▸ **Task goal**
Scan the entries below. List each line with "room".
[Raw data — start]
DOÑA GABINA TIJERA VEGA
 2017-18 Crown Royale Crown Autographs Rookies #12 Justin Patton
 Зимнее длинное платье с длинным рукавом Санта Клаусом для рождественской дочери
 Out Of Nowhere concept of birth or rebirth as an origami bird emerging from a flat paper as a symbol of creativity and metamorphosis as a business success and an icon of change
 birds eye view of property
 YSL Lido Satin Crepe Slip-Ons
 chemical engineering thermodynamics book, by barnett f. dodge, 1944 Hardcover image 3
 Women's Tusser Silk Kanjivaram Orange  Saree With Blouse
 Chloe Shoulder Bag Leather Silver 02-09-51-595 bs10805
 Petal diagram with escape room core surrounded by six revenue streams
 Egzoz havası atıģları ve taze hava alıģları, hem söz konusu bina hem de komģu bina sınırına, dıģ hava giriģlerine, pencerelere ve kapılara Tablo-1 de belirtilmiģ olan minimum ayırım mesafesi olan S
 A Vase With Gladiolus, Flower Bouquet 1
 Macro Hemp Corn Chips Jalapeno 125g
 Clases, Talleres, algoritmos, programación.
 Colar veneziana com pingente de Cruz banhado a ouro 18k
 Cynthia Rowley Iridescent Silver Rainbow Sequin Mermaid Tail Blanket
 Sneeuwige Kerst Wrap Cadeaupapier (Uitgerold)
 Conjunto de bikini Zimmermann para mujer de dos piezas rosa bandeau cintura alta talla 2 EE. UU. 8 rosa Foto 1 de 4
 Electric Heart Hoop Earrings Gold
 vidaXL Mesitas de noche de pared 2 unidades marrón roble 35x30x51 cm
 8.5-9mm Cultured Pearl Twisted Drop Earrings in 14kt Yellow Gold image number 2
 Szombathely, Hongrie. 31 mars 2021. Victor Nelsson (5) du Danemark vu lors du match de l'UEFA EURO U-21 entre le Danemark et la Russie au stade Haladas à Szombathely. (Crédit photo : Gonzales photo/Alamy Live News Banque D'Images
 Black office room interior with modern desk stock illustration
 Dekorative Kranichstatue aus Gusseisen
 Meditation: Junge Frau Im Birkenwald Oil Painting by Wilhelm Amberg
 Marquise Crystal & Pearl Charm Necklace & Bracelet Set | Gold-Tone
[Raw data — finish]
▸ **Reply to the exercise**
 Petal diagram with escape room core surrounded by six revenue streams
 Black office room interior with modern desk stock illustration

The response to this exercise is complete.